Tin bronze meshes #200 (77 μm) were cleaned with acetone under sonication and then dried at room temperature. Subsequently, the cleaned meshes were subjected to an electrochemical anodizing process by immersion in an aqueous NaOH solution at 1 mol/L using copper counter electrodes, and with a surface current density of 0.17 A/cm2, with subsequent drying at 120° C. in a stove for ten minutes. During this step, the hydrophilic sites required for the next nanostructuring step are generated on the metal surface.
The anodized meshes were then immersed in a nanoparticle suspension with 20 mg SiO2 for every 1 mL of ethanol, under agitation for one hour, and then dried in a stove at 110° C. for one hour. In this step, the meshes multiply the number of hydroxyl groups capable of reacting with the hydrophobic reagent in subsequent steps of the method and acquire the required nanostructure for the desired hydrophobicity.
Lastly, the already nanostructured meshes were treated with hexadecyltrimethoxysilane (HDTMS) by immersion in a solution with 40 μL of HDTMS for every 1 mL in a 95:5 ethanol:acetic acid mixture for one hour, and dried in an oven at 110° C. for one hour. During this step, the meshes acquire super-hydrophobicity, repelling water.

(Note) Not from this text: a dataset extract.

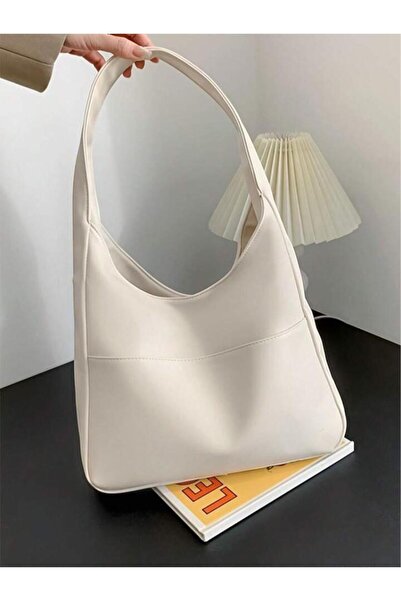 Crescita accessories Krem ön cepli pinterest model askılı omuz çantası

This behavior was characterized by measuring the contact angle using conventional contact angle determination techniques, obtaining contact angles of approximately 162°, as shown in Table 1.
The obtained mesh has resistance to hostile conditions, such as resistance to water comprising monovalent and divalent ions in concentrations higher than 2000 ppm, and it may be used in at least three separation cycles of an oil/water mixture, always observing the same contact angle thereafter.
Hexadecyltrimethoxysilane, octadecyltrimethoxysilane and their respective ethoxylated derivatives and silanols were employed as sililant reagents, obtaining in every case membranes with super-hydrophobic properties, determined by their contact angle.
Tin bronze meshes #200 (77 μm) were cleaned with acetone under sonication and then dried at room temperature. Subsequently, the cleaned meshes were subjected to an electrochemical anodizing process by immersion in an aqueous NaOH solution at 1 mol/L using copper counter electrodes, and with a surface current density of 0.17 A/cm2, with subsequent drying at 120° C. in a stove for ten minutes. During this step, the hydrophilic sites required for the next nanostructuring step are generated on the metal surface.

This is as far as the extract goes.